# Just a Little Finger Hash



## bud.uncle (Oct 30, 2008)

A little collected dust................

A warm finger.................

A bit of rolling

Then a bit of rolling

n

*Voilà *


spark up cough n relax................................


----------



## 7greeneyes (Oct 30, 2008)

THAT'S WHAT I'M TALKIN ABOUT!!!! Man, I miss my hash stash. Can't wait till my Winter project! oooh yeah!


----------



## Thorn (Oct 30, 2008)

Yea baby that looks ace! How did she smoke?


----------



## canibanol cannonball (Oct 30, 2008)

Dang that looks good, i love the taste of hash.


----------



## bud.uncle (Oct 30, 2008)

Thorn said:
			
		

> Yea baby that looks ace! How did she smoke?



cough cough cough.............................

ermmmm

just go steady with it........


----------



## bud.uncle (Oct 30, 2008)

Just waitin on my bags to arrive..........

b4 I run some BUB.........:aok:


----------



## DomsChron (Oct 31, 2008)

*What micron bags did you buy?

Nice lookin fingy hash :hubba:*


----------



## bud.uncle (Oct 31, 2008)

220micron 150micron 75micron 20micron.


----------



## yimmy capone (Oct 31, 2008)

Ill, is that tobacco with the hash.


----------



## Thorn (Oct 31, 2008)

bud.uncle said:
			
		

> cough cough cough.............................
> 
> ermmmm
> 
> just go steady with it........



Nice one, sounds great! :hubba: I too love the taste of hash 

Yimmy, it looks like tobacco to me


----------



## bud.uncle (Oct 31, 2008)

yes 

yes it is

Euopean style


----------



## Thorn (Oct 31, 2008)

indeed...make that weed last longer...


----------



## HippyInEngland (Oct 31, 2008)

The good ol' GV baccy tins, many uses  

I have a small collection too, the box is in daily use and the hash will get used when needed 

Lots of people dont collect this, they have no idea of what they are missing.


----------



## yimmy capone (Oct 31, 2008)

why do you smoke hash with tobacco in europe. I heard of it before. I just don't understand why.


----------



## HippyInEngland (Oct 31, 2008)

It turns 1 ounce of hash into 3 ounces of hash, a joint is very common in Europe, not everyone can get a pipe out walking down the street.

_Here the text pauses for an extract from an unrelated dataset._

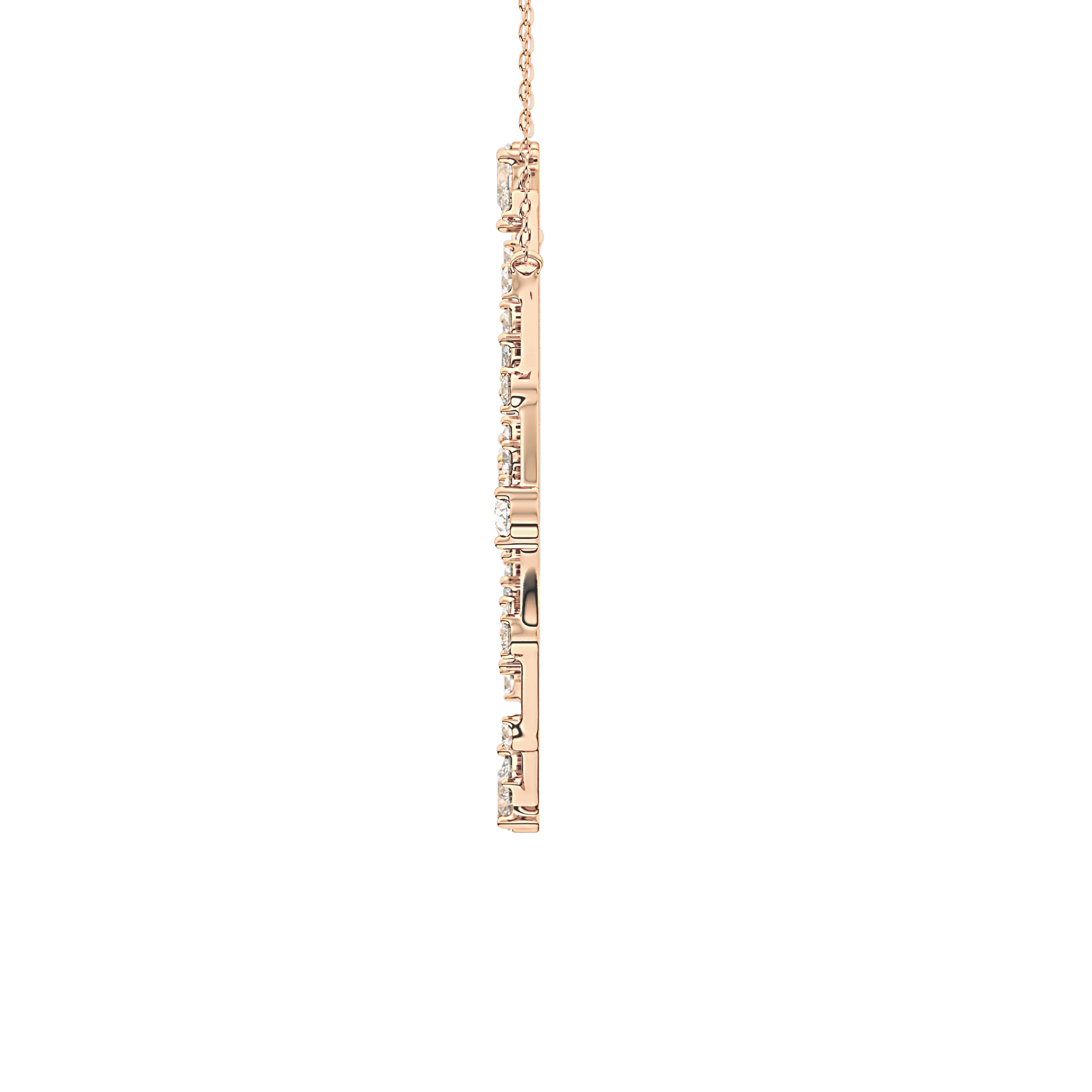 1.5 TCW Emerald Lab Grown Diamond Bezel Necklace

If you need 1/3 of a gram to get high, why use 1 gram?

1/3 of a gram of hash in a joint is a long smoke, 1/3 of a gram of hash in a pipe is over in 2 blinks.

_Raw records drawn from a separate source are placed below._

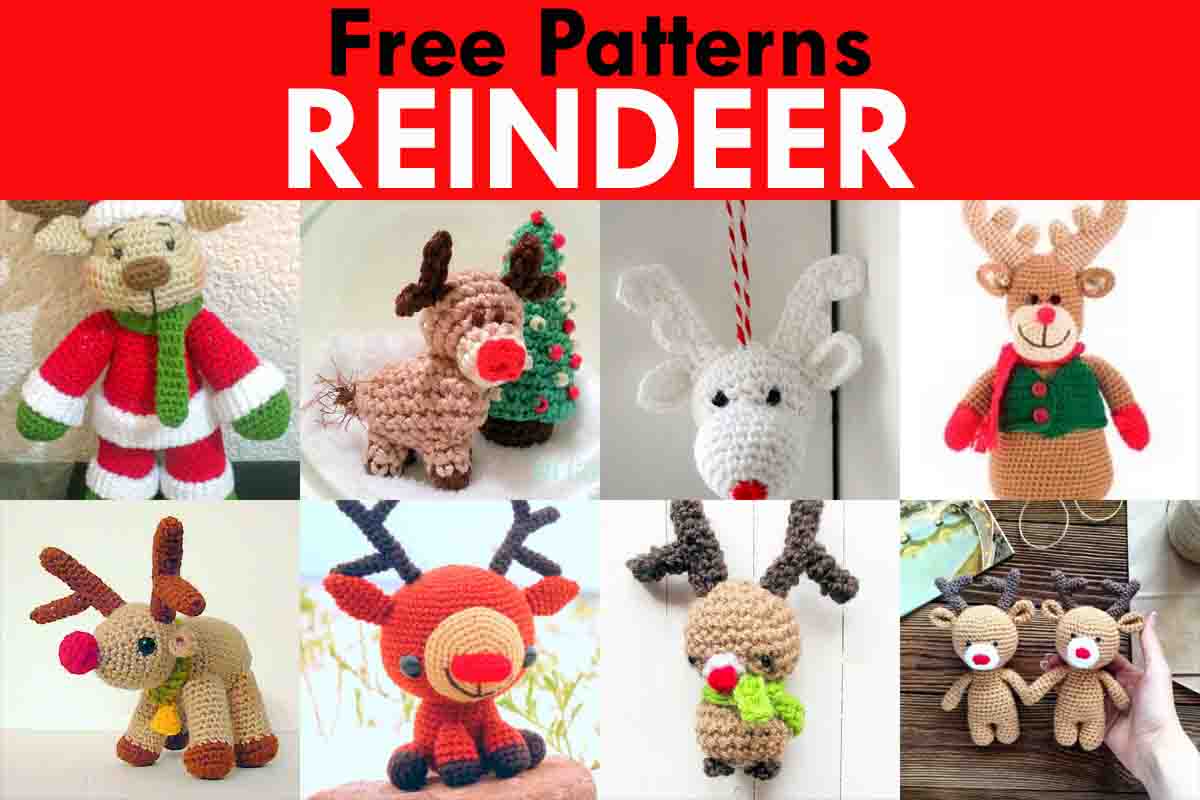 More Free Christmas Reindeer Crochet Patterns!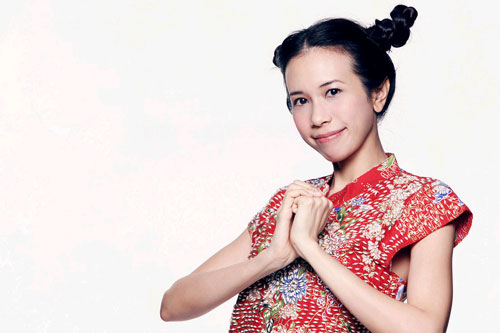 Hong Kong actress-singer Karen Mok poses in a series of photos to celebrate the upcoming Chinese Lunar New Year. 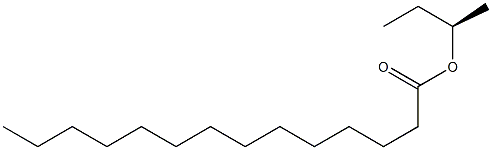 (-)-Myristic acid (R)-sec-butyl ester 结构式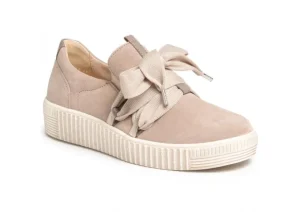 43.333.12 Taupe Suede Slip-On Sneaker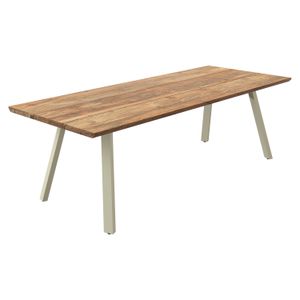 OUTLIV. Negara Gartentisch Edelstahl/Teak recycelt
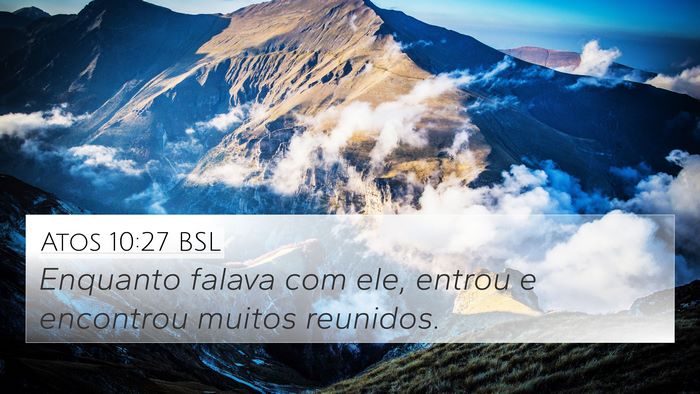 Atos 10:27 BSL Bible Verse Image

The mix of Nicotine and THC is often preferred.


----------



## Thorn (Oct 31, 2008)

plus if you don't want to use nicotine you can get nicotine free tobacco 

Hippy got it spot on there.


----------



## bud.uncle (Oct 31, 2008)

yimmy capone said:
			
		

> why do you smoke hash with tobacco in europe. I heard of it before. I just don't understand why.



Just different strokes for different folks

This has still, the joint that is, got to be the most preferred way of smoking Hash or Weed in the UK and Europe as I see it...............

Change can be difficult................

Though my mind is not closed to other ways....................


----------



## bud.uncle (Oct 31, 2008)

HippyInEngland said:
			
		

> The good ol'* GV* baccy tins, many uses



errrrrrrrrmmmmmm

making assumptions again hip..........

_*Cutters Choice*_.............


----------



## canibanol cannonball (Oct 31, 2008)

Trick or Treat
gimme gimme :hubba:


----------



## bud.uncle (Oct 31, 2008)

no way..................................

come on 

bring it on

lets see your trick...............


----------



## canibanol cannonball (Oct 31, 2008)

you got me, i got nothin lol
how bout 2 thank yous


----------